> > let me know whether this fixes your problem,
>
> The patch distributes the IRQs nicely between CPUs, but unfortunately
> does not fix our timer IRQ problem.
that is a different issue, a fix for it was sent to lkml.
> Btw is it correct that one could also use the APIC Task Priority
> Registers to implement "fair" IRQ routing? (If linux adjusted them,
> which it currently doesn't).
no. The TPR has a number of limitations, and it suffers from the same
problem that lowest priority routing is suffering.
1) the TRP is not really finegrained and does not match Linux's irq
architecture, it's a rather spl-alike metric to allow irqs in below/above
a certain level. Since Linux distributes IRQ sources in essence randomly,
there is no point in TPR-limiting a certain half of the IRQ vector
spectrum.
2) i initially played with the TPR and it does not really solve the P4
problem.

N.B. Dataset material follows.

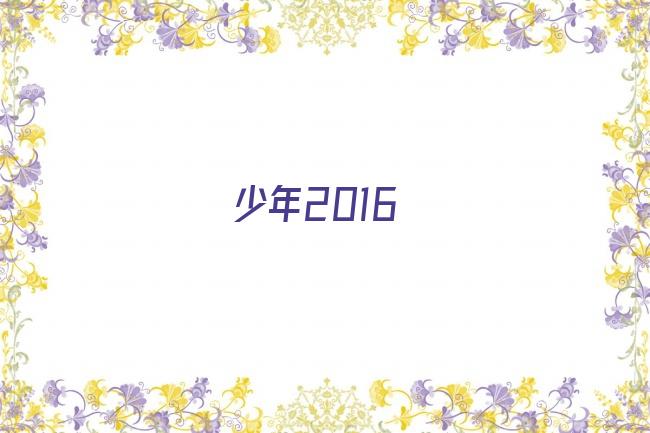 少年2016剧照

It can be used to force irqs away from a busy CPU, but in the
common (idle, or mostly idle) case the TPR will be equivalent across CPUs,
resulting in the same 'ugly' IRQ inbalance that you see.
3) the irqbalance patch also takes CPU affinity into account, ie. it will
try to keep the same IRQ source on a single CPU, for some time. So the
micro-distribution of IRQ sources is 'CPU affine', while the
macro-distribution is statistically random, in a load-weighted way. The
TPR approach results in the same 'one IRQ goes to CPU1, next IRQ goes to
CPU2' type of cache-affinity problems.
4) irqbalance is a software-based distribution method. It was time for the
Linux/x86 IRQ routing code to 'grow up' and actually be clever in a number
of ways. The hardware did bad decisions - even in lowestprio mode.
eg. apply the irqbalance patch, start a single CPU-using script like:
while [ 1 ]; do N=1; done
and watch IRQ load wander to the idle CPU(s) instantly.